Dataset records:
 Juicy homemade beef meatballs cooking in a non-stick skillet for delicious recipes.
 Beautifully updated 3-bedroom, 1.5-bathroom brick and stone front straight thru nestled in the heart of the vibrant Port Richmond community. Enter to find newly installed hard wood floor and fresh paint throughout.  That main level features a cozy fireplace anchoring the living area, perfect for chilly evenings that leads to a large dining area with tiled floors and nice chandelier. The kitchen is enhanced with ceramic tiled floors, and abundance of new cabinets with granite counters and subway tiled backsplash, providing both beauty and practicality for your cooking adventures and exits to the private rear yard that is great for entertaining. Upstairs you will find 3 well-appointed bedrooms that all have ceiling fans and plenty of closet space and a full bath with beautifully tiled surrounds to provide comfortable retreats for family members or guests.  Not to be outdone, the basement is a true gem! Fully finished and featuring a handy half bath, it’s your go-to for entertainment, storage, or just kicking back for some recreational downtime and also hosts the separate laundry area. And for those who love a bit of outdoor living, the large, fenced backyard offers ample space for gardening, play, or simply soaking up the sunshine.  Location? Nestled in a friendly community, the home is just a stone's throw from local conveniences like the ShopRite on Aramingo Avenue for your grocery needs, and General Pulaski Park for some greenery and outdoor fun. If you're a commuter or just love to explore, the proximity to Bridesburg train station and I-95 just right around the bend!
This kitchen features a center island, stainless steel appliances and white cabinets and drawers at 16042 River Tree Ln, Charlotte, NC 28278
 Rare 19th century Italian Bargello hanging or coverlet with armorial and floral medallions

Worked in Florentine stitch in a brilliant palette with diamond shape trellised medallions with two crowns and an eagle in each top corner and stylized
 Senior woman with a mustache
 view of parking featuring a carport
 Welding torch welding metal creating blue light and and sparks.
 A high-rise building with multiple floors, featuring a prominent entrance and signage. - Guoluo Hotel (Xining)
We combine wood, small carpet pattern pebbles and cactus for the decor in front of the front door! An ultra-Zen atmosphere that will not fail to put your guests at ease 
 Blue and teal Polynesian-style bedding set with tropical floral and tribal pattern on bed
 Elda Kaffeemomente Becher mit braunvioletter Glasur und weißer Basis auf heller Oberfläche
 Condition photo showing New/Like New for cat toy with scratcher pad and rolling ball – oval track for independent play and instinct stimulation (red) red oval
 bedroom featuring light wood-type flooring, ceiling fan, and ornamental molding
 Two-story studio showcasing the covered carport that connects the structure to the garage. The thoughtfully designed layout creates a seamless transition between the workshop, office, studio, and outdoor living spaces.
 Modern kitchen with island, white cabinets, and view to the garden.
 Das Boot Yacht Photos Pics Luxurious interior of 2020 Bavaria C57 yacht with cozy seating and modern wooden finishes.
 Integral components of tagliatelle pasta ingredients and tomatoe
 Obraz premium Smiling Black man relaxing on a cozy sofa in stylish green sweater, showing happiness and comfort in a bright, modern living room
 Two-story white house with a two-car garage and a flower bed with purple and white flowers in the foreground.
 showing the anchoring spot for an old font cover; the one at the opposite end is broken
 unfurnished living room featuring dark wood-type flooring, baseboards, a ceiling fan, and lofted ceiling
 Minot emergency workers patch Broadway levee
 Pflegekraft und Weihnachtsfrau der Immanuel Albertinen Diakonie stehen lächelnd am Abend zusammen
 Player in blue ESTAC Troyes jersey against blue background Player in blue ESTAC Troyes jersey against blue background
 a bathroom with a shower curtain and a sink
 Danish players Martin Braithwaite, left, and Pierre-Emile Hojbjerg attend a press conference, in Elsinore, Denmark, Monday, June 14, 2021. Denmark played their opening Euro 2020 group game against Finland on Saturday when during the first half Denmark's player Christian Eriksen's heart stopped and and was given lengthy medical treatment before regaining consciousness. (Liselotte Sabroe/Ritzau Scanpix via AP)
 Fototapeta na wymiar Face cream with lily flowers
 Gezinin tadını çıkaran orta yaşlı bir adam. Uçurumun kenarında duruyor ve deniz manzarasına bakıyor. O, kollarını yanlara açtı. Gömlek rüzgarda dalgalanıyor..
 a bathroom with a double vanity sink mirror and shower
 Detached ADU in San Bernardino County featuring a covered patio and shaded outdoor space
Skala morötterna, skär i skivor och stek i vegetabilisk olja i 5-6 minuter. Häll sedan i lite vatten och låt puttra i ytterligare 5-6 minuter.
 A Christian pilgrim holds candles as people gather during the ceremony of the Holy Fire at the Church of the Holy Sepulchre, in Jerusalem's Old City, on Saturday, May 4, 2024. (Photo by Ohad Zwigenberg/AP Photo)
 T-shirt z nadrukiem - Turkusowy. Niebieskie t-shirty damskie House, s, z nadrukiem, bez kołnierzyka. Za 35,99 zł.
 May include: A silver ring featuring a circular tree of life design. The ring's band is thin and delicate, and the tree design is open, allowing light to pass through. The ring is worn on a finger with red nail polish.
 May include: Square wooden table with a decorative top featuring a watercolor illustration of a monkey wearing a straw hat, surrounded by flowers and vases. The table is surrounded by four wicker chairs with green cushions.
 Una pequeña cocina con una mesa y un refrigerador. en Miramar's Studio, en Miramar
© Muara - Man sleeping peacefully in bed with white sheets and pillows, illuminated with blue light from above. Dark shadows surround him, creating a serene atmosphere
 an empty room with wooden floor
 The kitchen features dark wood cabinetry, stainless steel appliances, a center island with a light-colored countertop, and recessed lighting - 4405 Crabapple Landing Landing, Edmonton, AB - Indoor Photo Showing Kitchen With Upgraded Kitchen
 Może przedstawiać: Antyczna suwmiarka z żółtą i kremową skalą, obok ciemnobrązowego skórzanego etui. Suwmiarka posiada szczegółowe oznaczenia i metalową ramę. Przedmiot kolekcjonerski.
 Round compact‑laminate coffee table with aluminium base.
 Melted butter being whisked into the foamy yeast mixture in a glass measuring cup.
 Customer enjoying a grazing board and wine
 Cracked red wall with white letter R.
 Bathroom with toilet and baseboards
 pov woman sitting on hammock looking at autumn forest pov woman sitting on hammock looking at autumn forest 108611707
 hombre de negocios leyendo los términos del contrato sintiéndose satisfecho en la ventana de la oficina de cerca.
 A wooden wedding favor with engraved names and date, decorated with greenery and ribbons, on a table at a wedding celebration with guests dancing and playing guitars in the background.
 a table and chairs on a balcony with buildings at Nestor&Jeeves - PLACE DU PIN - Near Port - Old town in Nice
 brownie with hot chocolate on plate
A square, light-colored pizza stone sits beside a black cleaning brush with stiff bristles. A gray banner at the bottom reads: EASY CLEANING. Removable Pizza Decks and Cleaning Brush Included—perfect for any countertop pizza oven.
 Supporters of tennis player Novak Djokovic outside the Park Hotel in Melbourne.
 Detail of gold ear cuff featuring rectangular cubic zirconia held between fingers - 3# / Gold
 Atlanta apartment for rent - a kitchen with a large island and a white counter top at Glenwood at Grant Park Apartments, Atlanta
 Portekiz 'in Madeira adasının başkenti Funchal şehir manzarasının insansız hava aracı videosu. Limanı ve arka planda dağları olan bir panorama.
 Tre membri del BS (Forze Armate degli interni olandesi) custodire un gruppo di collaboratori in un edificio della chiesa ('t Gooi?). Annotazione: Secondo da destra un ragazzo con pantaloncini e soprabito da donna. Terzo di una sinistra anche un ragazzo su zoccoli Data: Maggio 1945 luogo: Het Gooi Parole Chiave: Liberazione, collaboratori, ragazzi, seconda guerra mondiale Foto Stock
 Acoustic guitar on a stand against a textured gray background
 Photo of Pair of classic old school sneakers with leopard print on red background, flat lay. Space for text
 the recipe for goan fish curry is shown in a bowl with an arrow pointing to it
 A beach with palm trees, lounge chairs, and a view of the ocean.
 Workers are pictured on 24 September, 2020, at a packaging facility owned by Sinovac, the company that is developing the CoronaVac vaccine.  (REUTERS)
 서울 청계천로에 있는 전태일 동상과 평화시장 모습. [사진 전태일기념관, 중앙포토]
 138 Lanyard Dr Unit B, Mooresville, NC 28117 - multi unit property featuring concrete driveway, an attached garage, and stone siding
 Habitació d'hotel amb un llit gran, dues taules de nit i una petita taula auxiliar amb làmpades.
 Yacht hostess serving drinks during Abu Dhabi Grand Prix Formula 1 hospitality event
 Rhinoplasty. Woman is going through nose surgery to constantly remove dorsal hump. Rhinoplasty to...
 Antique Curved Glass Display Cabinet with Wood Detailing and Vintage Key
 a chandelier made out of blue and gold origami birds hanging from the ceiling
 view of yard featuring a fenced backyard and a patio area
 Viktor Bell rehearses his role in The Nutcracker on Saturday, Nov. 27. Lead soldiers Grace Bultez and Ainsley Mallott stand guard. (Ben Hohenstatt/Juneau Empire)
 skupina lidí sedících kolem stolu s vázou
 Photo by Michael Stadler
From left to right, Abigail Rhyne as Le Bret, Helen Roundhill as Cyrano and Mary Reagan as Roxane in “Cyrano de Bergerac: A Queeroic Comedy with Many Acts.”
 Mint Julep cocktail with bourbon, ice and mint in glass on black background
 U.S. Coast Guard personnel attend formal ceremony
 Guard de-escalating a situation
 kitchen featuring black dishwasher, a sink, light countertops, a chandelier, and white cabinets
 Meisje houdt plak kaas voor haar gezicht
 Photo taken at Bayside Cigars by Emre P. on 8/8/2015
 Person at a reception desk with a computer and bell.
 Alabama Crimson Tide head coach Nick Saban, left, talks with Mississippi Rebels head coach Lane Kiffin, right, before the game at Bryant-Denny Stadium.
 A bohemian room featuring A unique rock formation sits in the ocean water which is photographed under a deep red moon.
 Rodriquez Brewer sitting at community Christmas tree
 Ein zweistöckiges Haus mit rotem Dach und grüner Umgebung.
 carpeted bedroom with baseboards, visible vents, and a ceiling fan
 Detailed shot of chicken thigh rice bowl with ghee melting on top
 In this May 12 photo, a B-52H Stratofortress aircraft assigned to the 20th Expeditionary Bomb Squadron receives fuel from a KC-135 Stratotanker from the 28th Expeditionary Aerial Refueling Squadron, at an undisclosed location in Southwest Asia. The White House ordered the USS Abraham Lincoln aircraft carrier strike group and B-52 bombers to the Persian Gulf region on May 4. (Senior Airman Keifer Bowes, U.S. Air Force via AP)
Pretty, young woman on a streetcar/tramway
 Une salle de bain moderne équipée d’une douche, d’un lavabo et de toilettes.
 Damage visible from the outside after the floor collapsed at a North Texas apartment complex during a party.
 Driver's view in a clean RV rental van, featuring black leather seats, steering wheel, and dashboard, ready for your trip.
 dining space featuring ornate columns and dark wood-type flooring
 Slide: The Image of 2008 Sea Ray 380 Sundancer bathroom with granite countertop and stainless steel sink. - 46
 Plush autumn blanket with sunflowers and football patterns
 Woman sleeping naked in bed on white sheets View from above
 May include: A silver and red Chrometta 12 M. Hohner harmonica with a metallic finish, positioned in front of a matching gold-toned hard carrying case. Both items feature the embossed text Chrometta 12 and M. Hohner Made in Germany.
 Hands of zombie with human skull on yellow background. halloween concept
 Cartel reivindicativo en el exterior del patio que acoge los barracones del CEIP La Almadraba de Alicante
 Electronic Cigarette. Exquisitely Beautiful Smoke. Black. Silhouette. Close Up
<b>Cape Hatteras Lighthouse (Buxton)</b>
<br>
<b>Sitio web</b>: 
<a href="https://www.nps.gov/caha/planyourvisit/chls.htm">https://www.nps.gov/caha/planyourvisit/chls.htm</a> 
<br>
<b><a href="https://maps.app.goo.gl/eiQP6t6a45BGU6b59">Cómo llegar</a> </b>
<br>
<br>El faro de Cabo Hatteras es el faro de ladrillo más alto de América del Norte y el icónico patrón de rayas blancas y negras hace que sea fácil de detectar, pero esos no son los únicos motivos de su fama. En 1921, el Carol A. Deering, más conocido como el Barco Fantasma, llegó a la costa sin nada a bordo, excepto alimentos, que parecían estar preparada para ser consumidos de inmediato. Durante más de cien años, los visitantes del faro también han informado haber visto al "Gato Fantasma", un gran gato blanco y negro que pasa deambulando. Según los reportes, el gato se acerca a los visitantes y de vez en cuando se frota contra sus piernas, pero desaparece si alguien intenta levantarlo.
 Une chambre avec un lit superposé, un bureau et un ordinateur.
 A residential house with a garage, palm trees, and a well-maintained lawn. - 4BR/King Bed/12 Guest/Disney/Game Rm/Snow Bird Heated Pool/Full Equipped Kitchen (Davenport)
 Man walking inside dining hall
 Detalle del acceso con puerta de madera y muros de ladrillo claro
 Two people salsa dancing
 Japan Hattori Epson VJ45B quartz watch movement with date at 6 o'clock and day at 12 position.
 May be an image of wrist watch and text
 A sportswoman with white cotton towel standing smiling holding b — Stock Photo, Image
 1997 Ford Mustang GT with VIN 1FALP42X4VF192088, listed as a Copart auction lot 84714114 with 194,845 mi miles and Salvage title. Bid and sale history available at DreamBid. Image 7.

**WHAT YOU HAVE TO DO:** As listed above, the lines from the line with "Cracked red wall with white letter R." to the line with "Detail of gold" are to be echoed exactly, with both ends included and nothing added.

**COMPLETED EXERCISE:**
 Cracked red wall with white letter R.
 Bathroom with toilet and baseboards
 pov woman sitting on hammock looking at autumn forest pov woman sitting on hammock looking at autumn forest 108611707
 hombre de negocios leyendo los términos del contrato sintiéndose satisfecho en la ventana de la oficina de cerca.
 A wooden wedding favor with engraved names and date, decorated with greenery and ribbons, on a table at a wedding celebration with guests dancing and playing guitars in the background.
 a table and chairs on a balcony with buildings at Nestor&Jeeves - PLACE DU PIN - Near Port - Old town in Nice
 brownie with hot chocolate on plate
A square, light-colored pizza stone sits beside a black cleaning brush with stiff bristles. A gray banner at the bottom reads: EASY CLEANING. Removable Pizza Decks and Cleaning Brush Included—perfect for any countertop pizza oven.
 Supporters of tennis player Novak Djokovic outside the Park Hotel in Melbourne.
 Detail of gold ear cuff featuring rectangular cubic zirconia held between fingers - 3# / Gold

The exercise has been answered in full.